What the exercise asks:
Copy the data precisely, character for character, and leave out every picture.

Dataset extract:

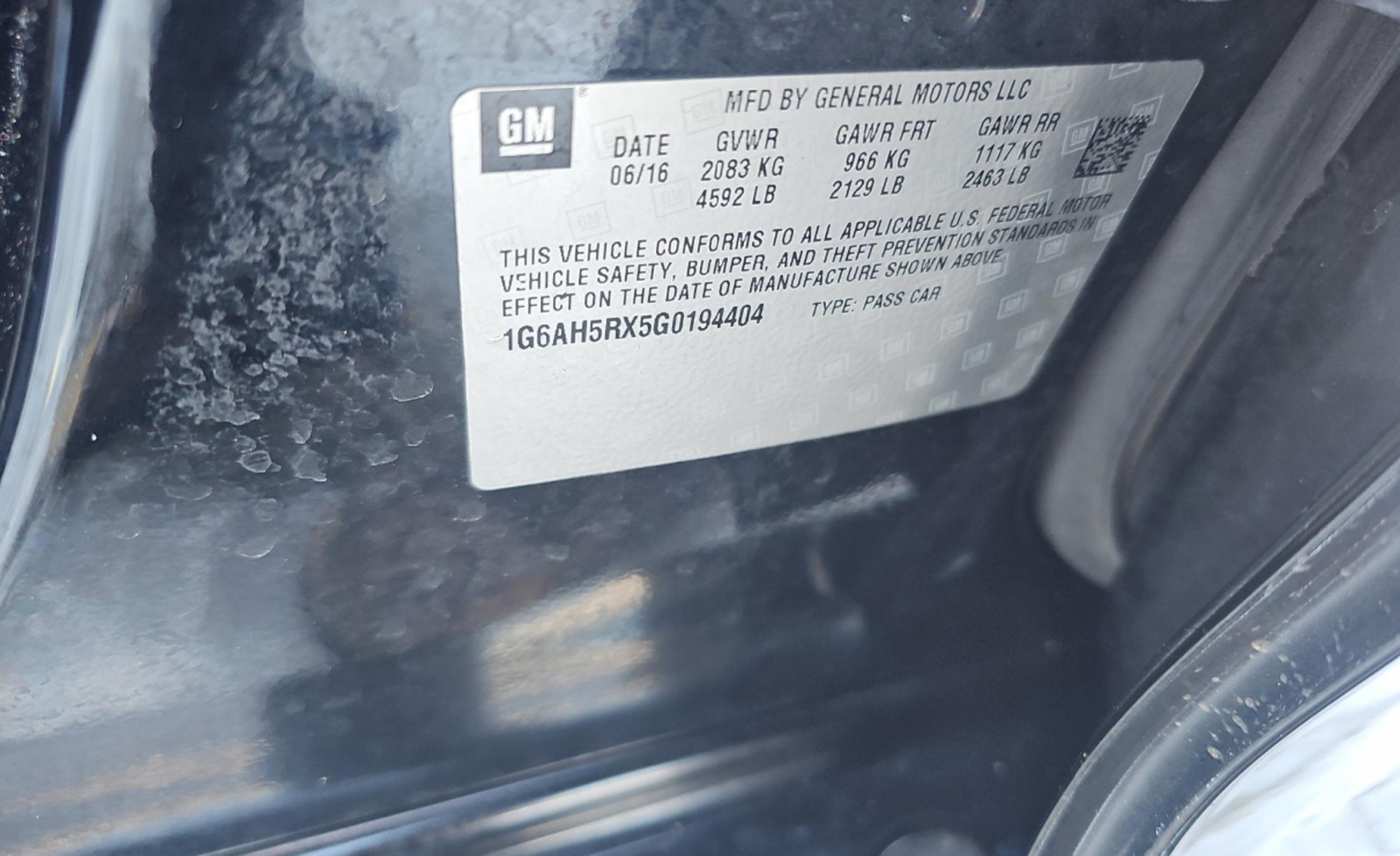 2016 Cadillac ATS Luxury Collection, 39647, Photo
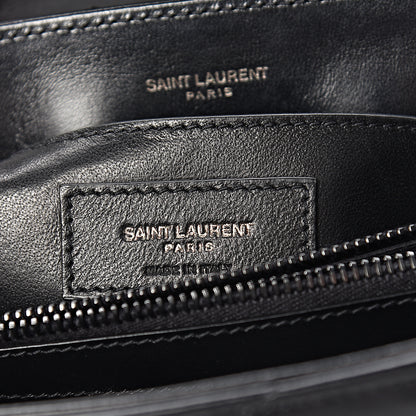 Saint Laurent Calfskin Y Quilted Monogram Small Loulou Chain Satchel Black 6 of 10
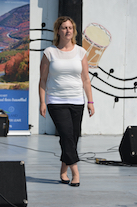 Leanne Aucoin step‑dancing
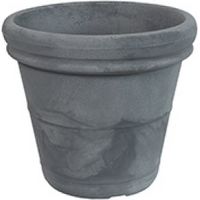 VASO TERRANO LISCIO 40CM GRIGIO ANTICO PLASTECNIC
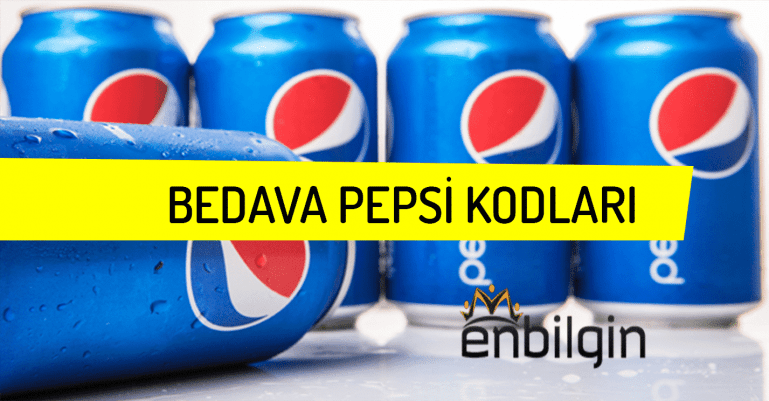 Kullanılmamış Pepsi Kodları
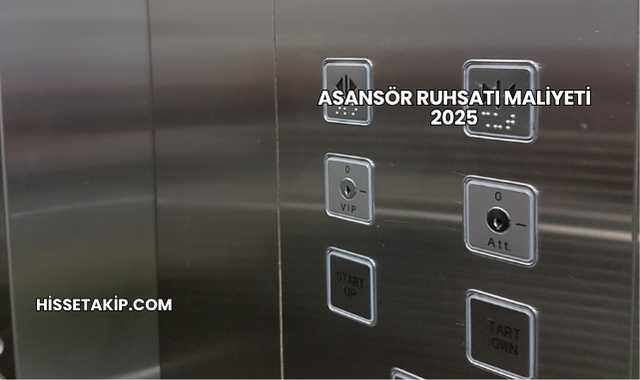 Asansör Ruhsatı Maliyeti 2025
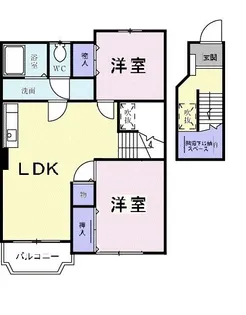 ラフィネ・エクセランI【2階】の間取り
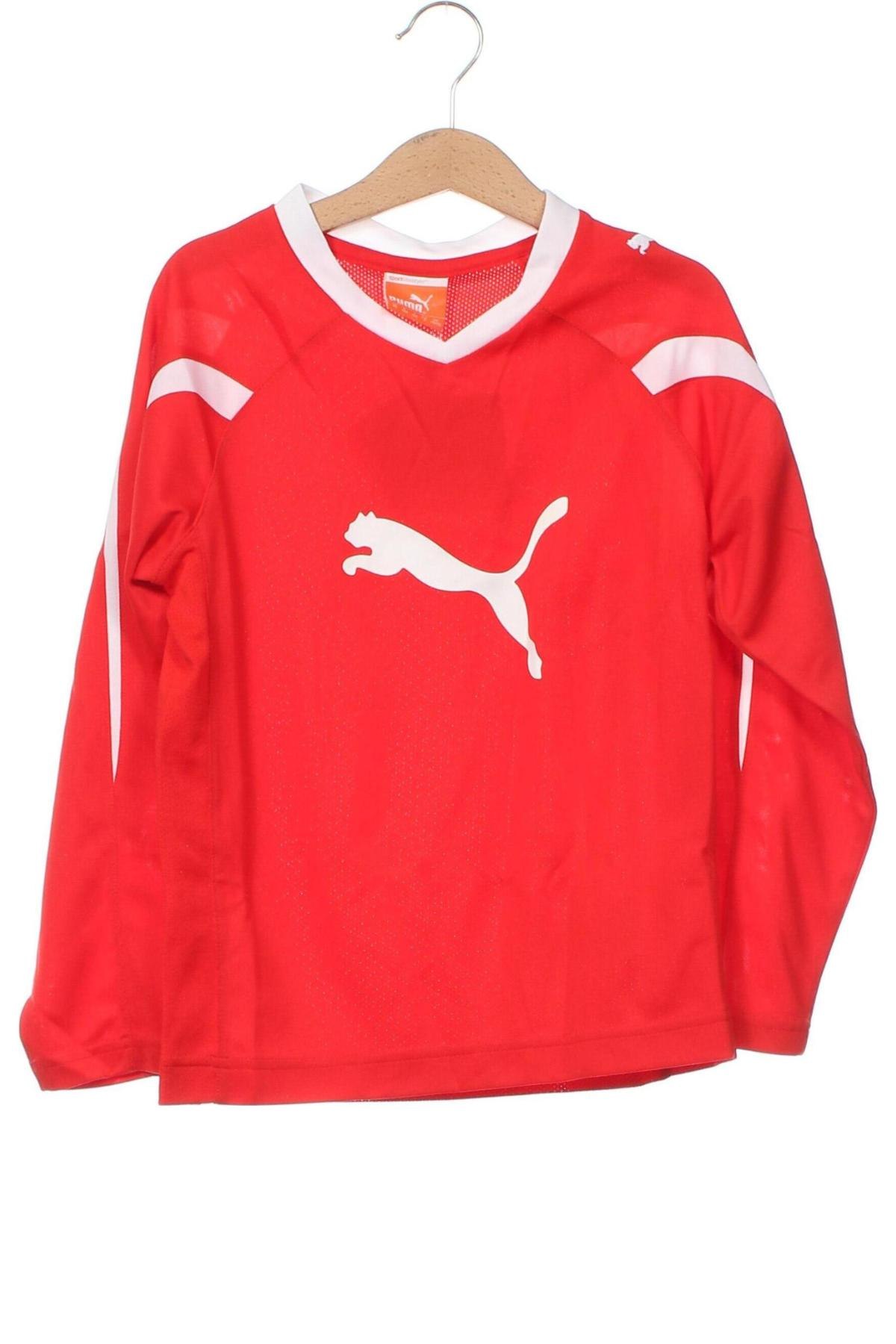 Kinder Shirt PUMA, Größe 7-8y/ 128-134 cm, Farbe Rot, Preis 22,99 €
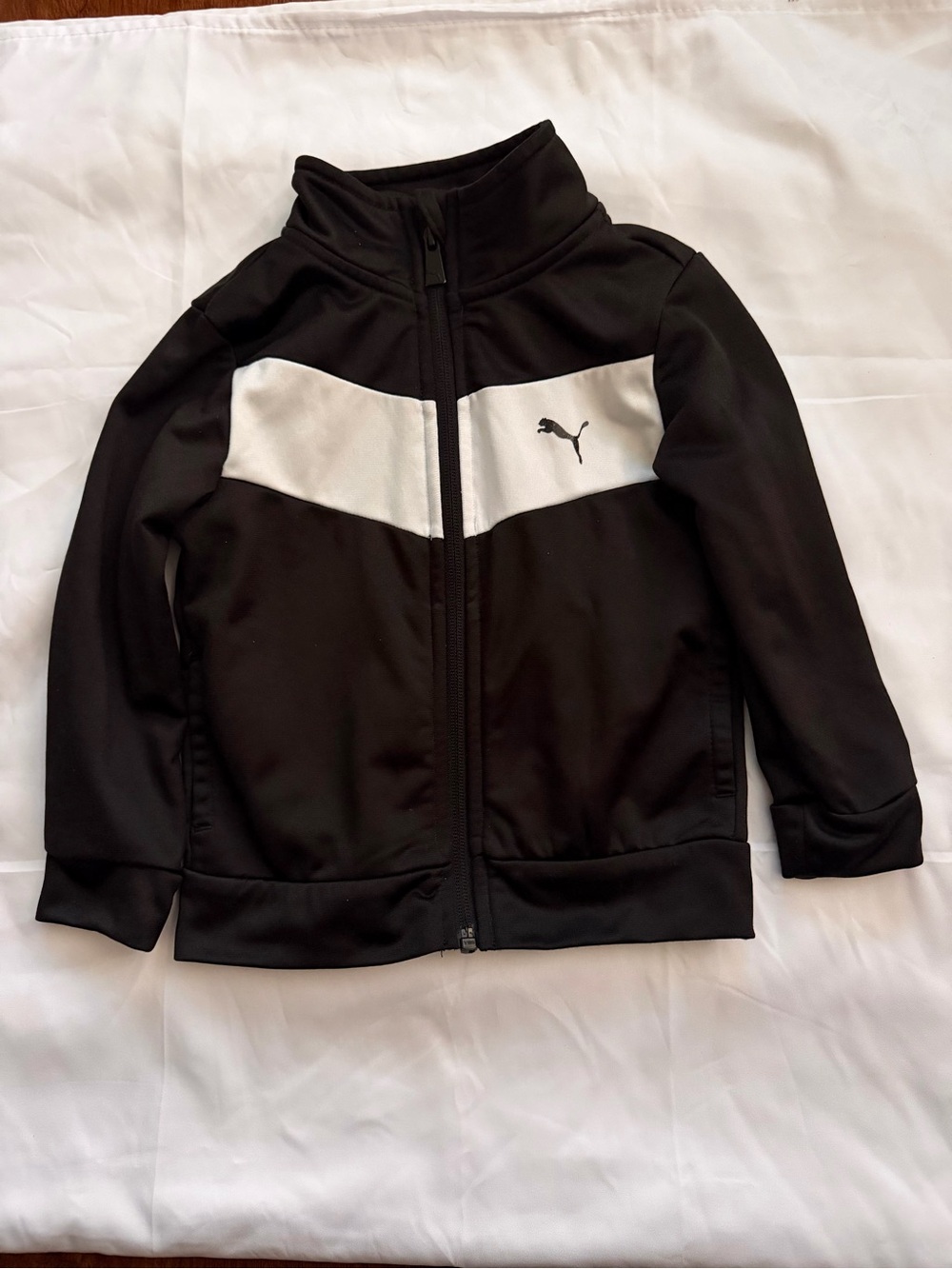 Puma Kids Black and White Jogger Set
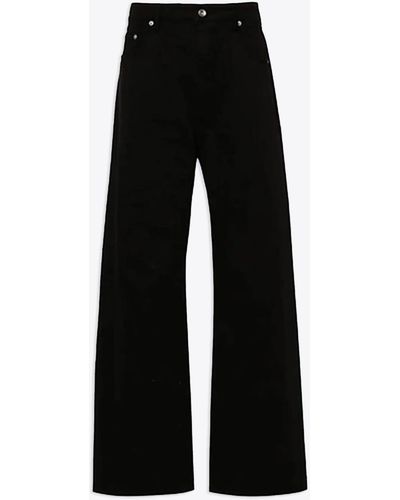 Rick Owens Geth Jeans Loose Fit Jeans - Black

Answer to this exercise:
 2016 Cadillac ATS Luxury Collection, 39647, Photo
 Saint Laurent Calfskin Y Quilted Monogram Small Loulou Chain Satchel Black 6 of 10
 Leanne Aucoin step‑dancing
 VASO TERRANO LISCIO 40CM GRIGIO ANTICO PLASTECNIC
 Kullanılmamış Pepsi Kodları
 Asansör Ruhsatı Maliyeti 2025
 ラフィネ・エクセランI【2階】の間取り
 Kinder Shirt PUMA, Größe 7-8y/ 128-134 cm, Farbe Rot, Preis 22,99 €
 Puma Kids Black and White Jogger Set
 Rick Owens Geth Jeans Loose Fit Jeans - Black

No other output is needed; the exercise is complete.